======== COLLECTED MATERIAL ========

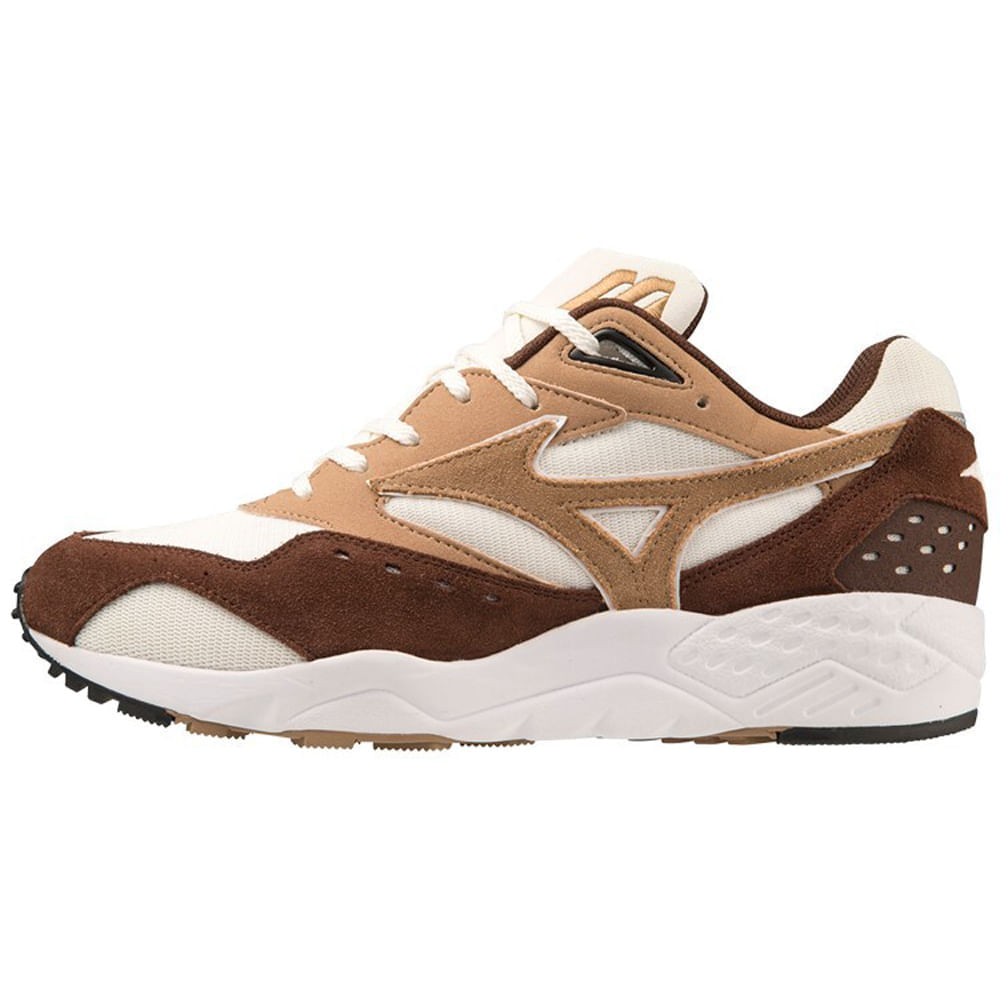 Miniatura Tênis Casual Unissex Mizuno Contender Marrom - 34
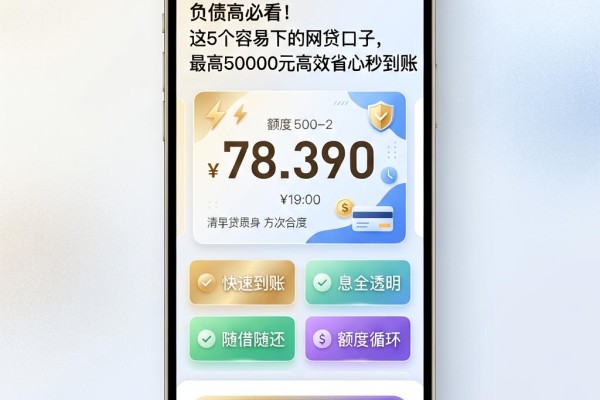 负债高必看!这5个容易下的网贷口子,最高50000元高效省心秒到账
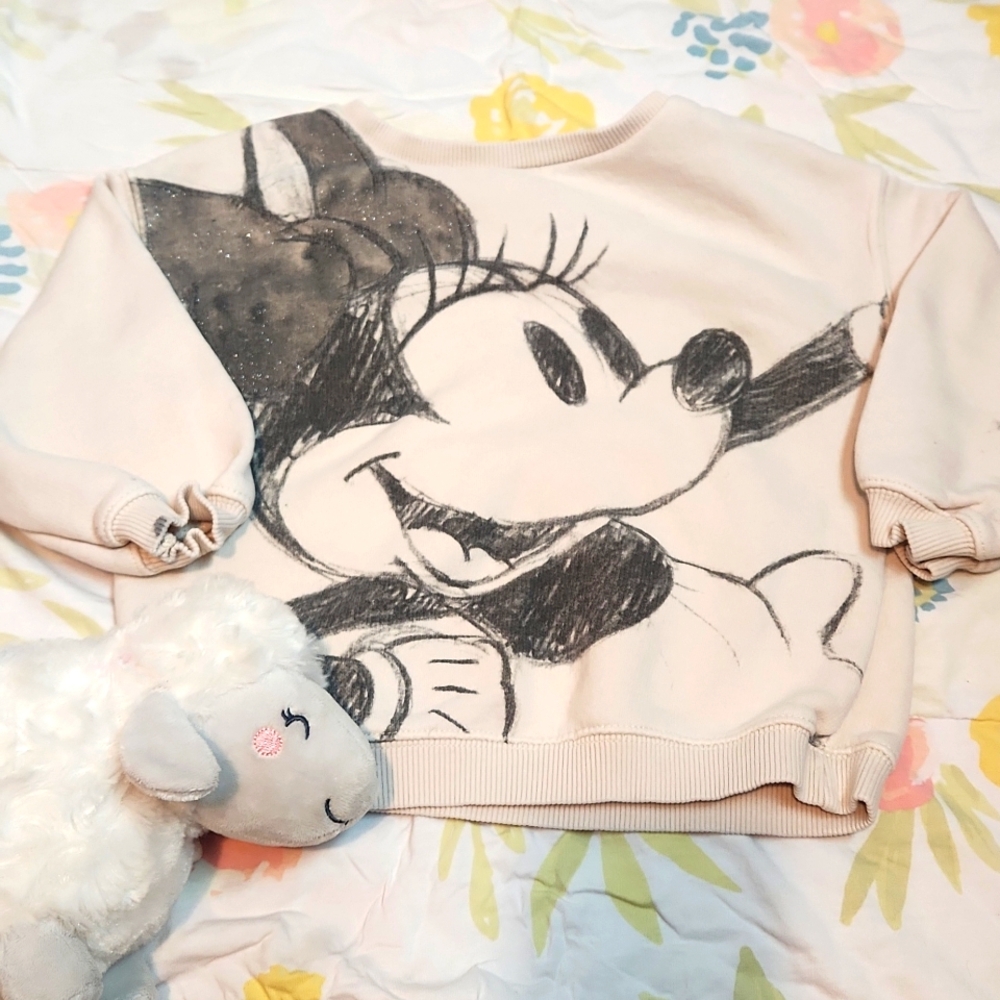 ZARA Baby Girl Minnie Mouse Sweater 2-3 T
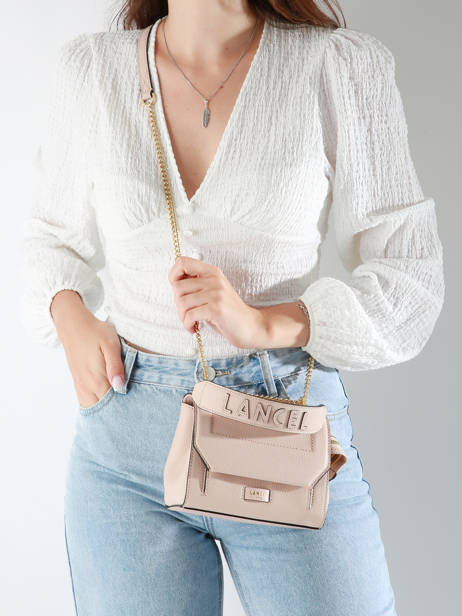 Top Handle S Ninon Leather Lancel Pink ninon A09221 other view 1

========

● **EXERCISE DESCRIPTION**
Write out exactly the lines from the line that contains "负债高必看!这5个容易下的网贷口子,最高50000元高效省心秒到账" through the end of the material, including both ends. No pictures belong in the copy.

● **SOLUTION TO THIS EXERCISE**
 负债高必看!这5个容易下的网贷口子,最高50000元高效省心秒到账
 ZARA Baby Girl Minnie Mouse Sweater 2-3 T
 Top Handle S Ninon Leather Lancel Pink ninon A09221 other view 1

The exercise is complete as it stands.